## WHAT IS EXPECTED
Your answer must be the records below, given again exactly, with no pictures in it.

::::::::::

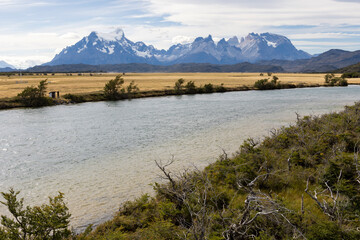Patagonian forest, golden Pampas, River Serrano and snowy mountains of Torres del Paine National...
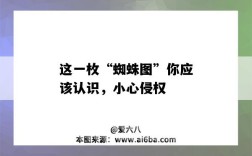 这一枚“蜘蛛图”你应该认识，小心侵权（被蜘蛛图片）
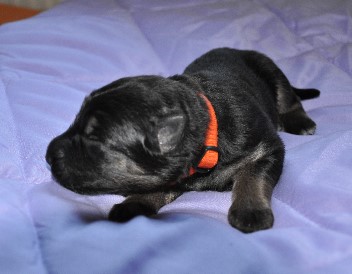 halsband orange 25.04.2011- 27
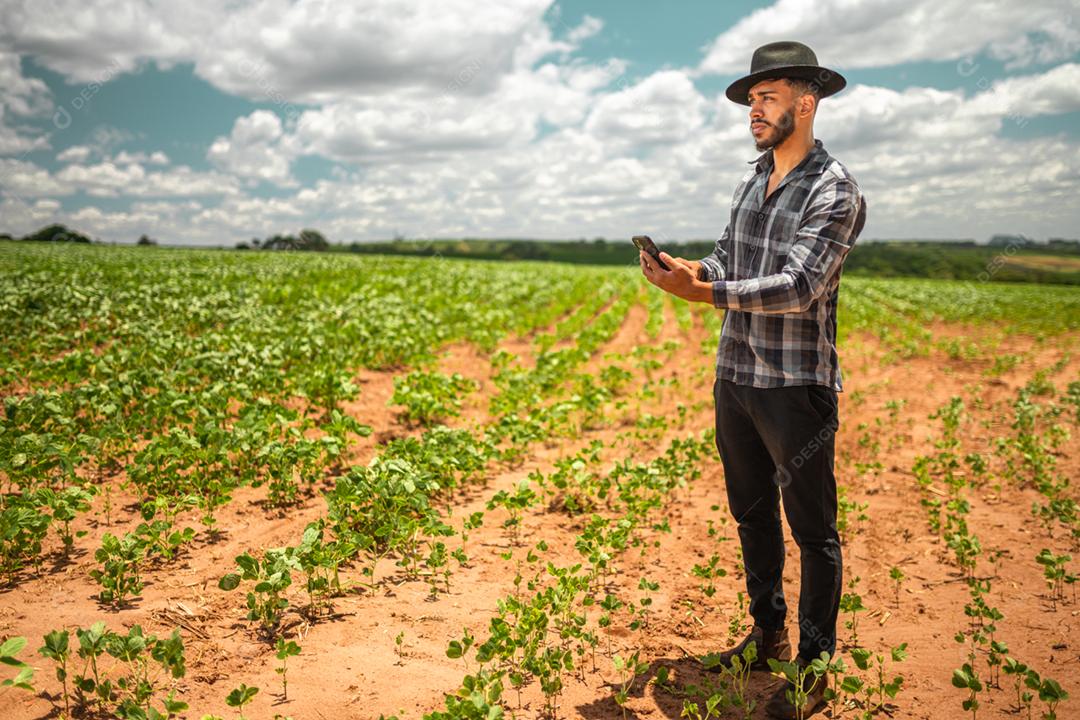 Latin American farmer working in soybean plantation, examining crop development on smartphone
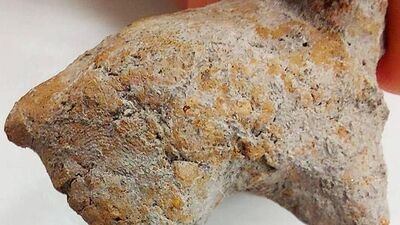 Apartman bahçesinde bulundu... 9 bin yıl korunmuş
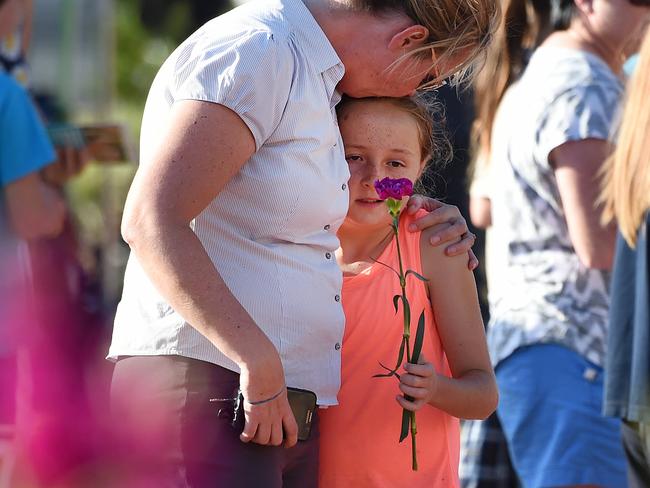 Dreamworld accident Owners Ardent have little defence, says lawyer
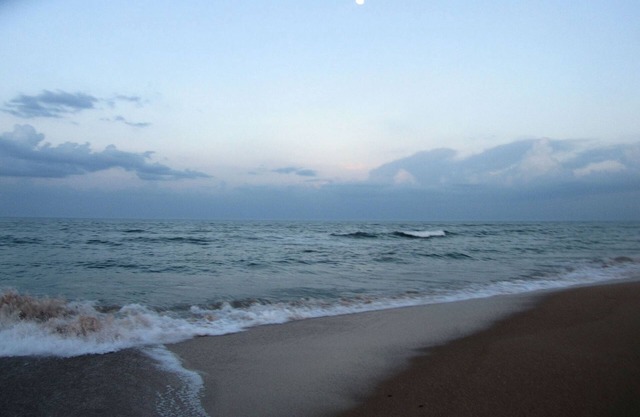 Flagler Beach Newly Renovated Oceanfront Condominium w/Heated Pool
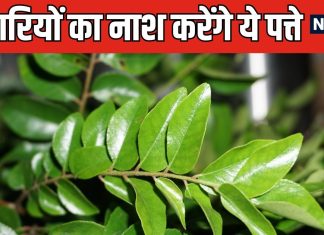 इन चुन्नू से पत्तों के आगे पानी मांगती हैं कई बीमारियां ! वायरस और बैक्टीरिया मारने में नंबर 1, फायदे 1000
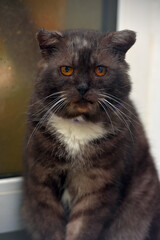 sad gray and white cat with orange eyes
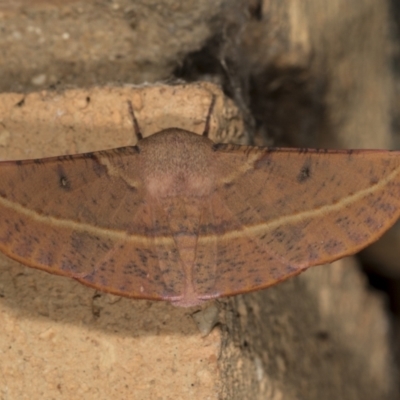 Oenochroma vinaria (Pink-bellied Moth, Hakea Wine Moth) at Higgins, ACT - 23 Mar 2022 by AlisonMilton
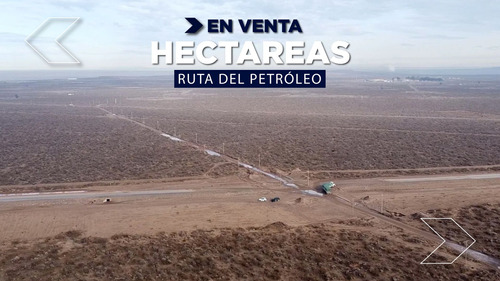 Venta De 6 Has Nueva Ruta Del Petróleo Ruta 67 Nqn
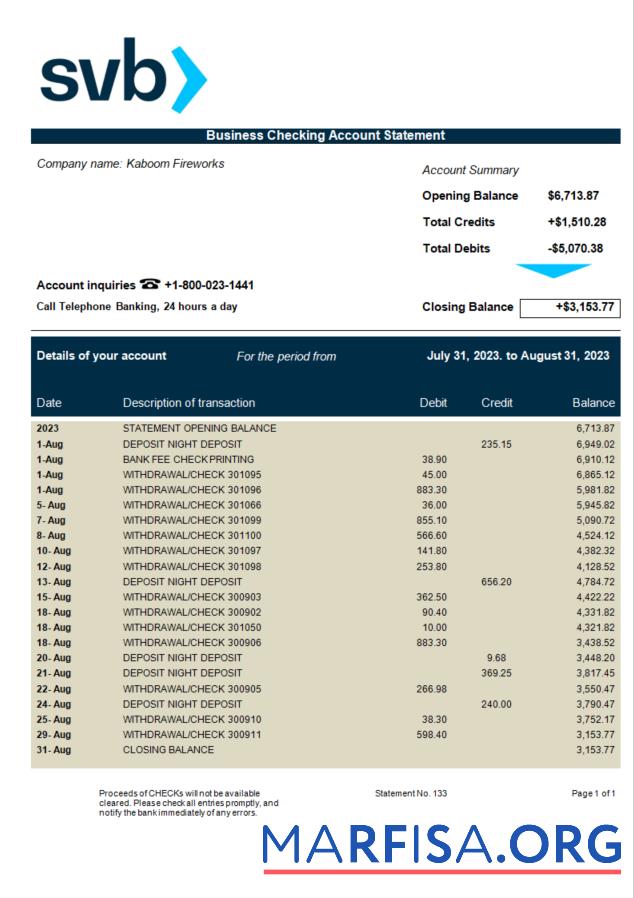 Professionell SVB Bank firm Kontoauszug Word and PDF Vorlage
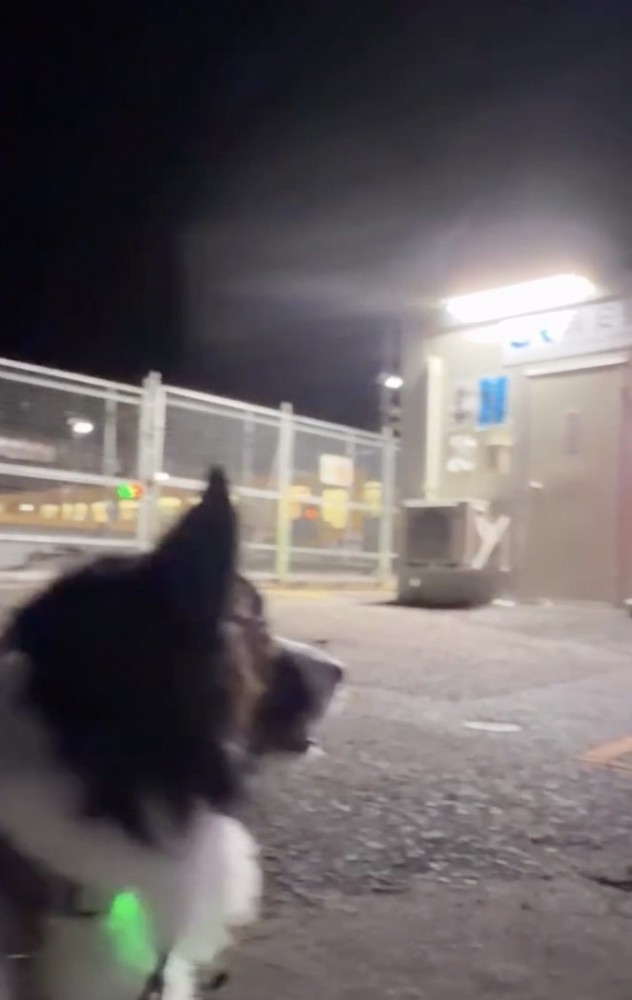 キョロキョロ…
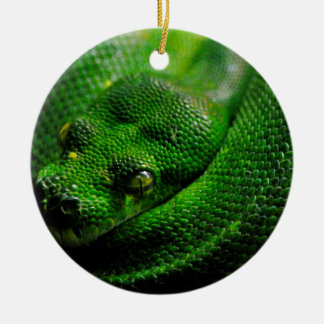 Snake Country Ceramic Ornament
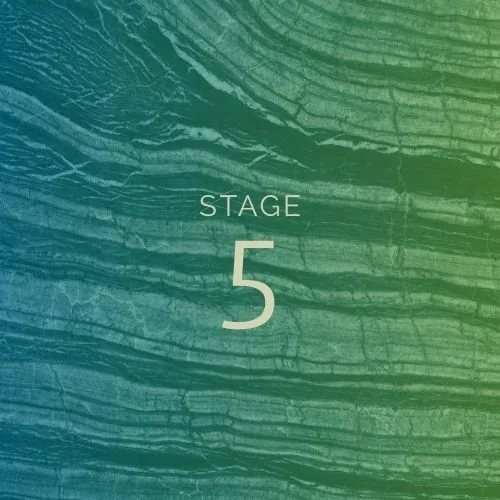 Elevate-process-stage5.jpg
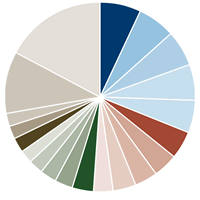 Amana Developing World Fund Portfolio Diversification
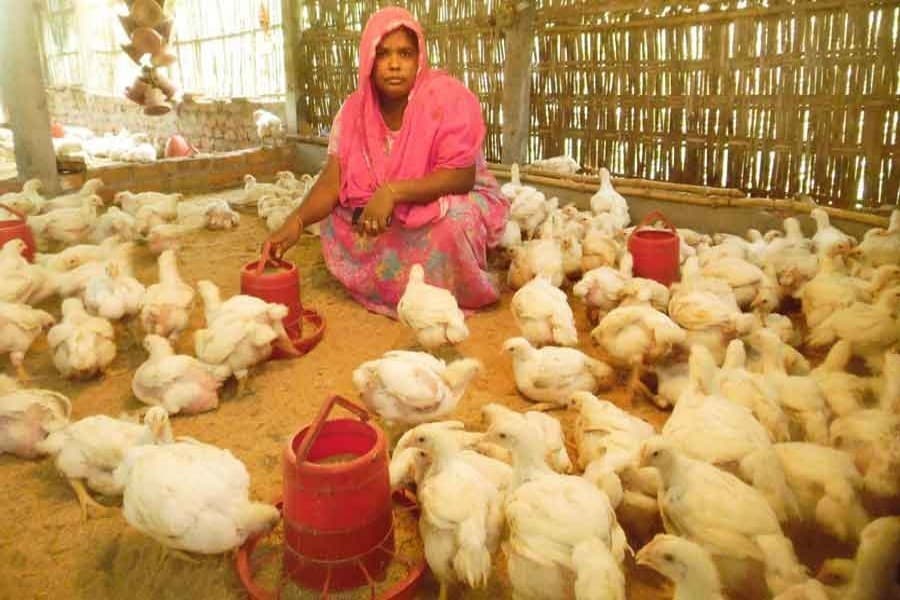 Protecting marginal chicken farmers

::::::::::

## ANSWER BOX
Patagonian forest, golden Pampas, River Serrano and snowy mountains of Torres del Paine National...
 这一枚“蜘蛛图”你应该认识，小心侵权（被蜘蛛图片）
 halsband orange 25.04.2011- 27
 Latin American farmer working in soybean plantation, examining crop development on smartphone
 Apartman bahçesinde bulundu... 9 bin yıl korunmuş
 Dreamworld accident Owners Ardent have little defence, says lawyer
 Flagler Beach Newly Renovated Oceanfront Condominium w/Heated Pool
 इन चुन्नू से पत्तों के आगे पानी मांगती हैं कई बीमारियां ! वायरस और बैक्टीरिया मारने में नंबर 1, फायदे 1000
 sad gray and white cat with orange eyes
 Oenochroma vinaria (Pink-bellied Moth, Hakea Wine Moth) at Higgins, ACT - 23 Mar 2022 by AlisonMilton
 Venta De 6 Has Nueva Ruta Del Petróleo Ruta 67 Nqn
 Professionell SVB Bank firm Kontoauszug Word and PDF Vorlage
 キョロキョロ…
 Snake Country Ceramic Ornament
 Elevate-process-stage5.jpg
 Amana Developing World Fund Portfolio Diversification
 Protecting marginal chicken farmers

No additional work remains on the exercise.